Now; the scenario you cite in the example here is ConnectImpl; importantly: ConnectImpl is only used as a helper from Connect; if you don't want to open that can of worms: don't call Connect - call ConnectAsync instead. As a fundamental statement of reality: if you use the synchronous API on a library that involves external IO, we're going to have to block the thread. The .Wait that you site simply represents that block.
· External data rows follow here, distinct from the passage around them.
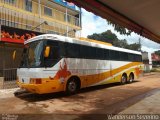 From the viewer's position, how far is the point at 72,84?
41.3ft

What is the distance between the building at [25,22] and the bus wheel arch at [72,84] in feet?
16.3

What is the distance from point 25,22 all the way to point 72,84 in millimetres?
11303

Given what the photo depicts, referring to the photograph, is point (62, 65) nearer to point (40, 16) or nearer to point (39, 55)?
point (39, 55)

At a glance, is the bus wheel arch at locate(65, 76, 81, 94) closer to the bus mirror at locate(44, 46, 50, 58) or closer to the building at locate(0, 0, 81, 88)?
the bus mirror at locate(44, 46, 50, 58)

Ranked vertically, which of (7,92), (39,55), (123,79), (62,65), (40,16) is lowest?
(7,92)

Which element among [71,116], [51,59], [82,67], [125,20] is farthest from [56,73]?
[125,20]

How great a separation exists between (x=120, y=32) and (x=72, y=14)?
6.67m

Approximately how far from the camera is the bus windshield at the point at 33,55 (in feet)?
35.7

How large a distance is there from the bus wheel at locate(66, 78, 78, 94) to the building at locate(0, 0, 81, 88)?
5.00 metres

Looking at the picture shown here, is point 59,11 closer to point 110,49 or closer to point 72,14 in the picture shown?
point 72,14

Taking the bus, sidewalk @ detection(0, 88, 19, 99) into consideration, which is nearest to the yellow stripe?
the bus

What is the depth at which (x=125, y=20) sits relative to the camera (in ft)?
21.0

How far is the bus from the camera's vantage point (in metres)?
10.8

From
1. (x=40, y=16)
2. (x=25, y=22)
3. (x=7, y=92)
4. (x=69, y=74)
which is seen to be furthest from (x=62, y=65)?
(x=40, y=16) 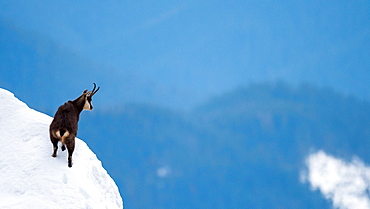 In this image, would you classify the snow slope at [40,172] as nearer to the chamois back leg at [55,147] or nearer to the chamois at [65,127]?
the chamois back leg at [55,147]

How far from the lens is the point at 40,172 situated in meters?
11.6

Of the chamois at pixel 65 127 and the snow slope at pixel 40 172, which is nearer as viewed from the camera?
the snow slope at pixel 40 172

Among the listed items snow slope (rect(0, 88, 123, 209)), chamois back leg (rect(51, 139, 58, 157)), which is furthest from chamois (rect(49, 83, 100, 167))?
snow slope (rect(0, 88, 123, 209))

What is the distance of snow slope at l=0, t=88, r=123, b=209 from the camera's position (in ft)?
35.6

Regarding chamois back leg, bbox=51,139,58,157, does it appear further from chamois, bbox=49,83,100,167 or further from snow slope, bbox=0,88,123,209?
snow slope, bbox=0,88,123,209

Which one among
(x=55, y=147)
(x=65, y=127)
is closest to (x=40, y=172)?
(x=55, y=147)

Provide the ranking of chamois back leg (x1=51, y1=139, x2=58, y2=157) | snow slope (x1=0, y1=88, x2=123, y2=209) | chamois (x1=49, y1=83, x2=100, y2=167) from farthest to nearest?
chamois back leg (x1=51, y1=139, x2=58, y2=157) < chamois (x1=49, y1=83, x2=100, y2=167) < snow slope (x1=0, y1=88, x2=123, y2=209)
This is actually a very unusual example from the library - usually for individual commands, we use a Monitor based wait rather than task-based, but in this case there is merit to reusing a huge chunk of handshake code that is implemented via async Task, rather than having two completely parallel implementations of the same thing.

So: the interesting question becomes: does the shared task-based code fail to guard against deadlocks? I'm very aware of the sync-context concerns here, so I've added some tests to investigate this; I have one unexpected failure surrounding ConfigureAsync, which I will investigate. ConnectAsync: seems fine.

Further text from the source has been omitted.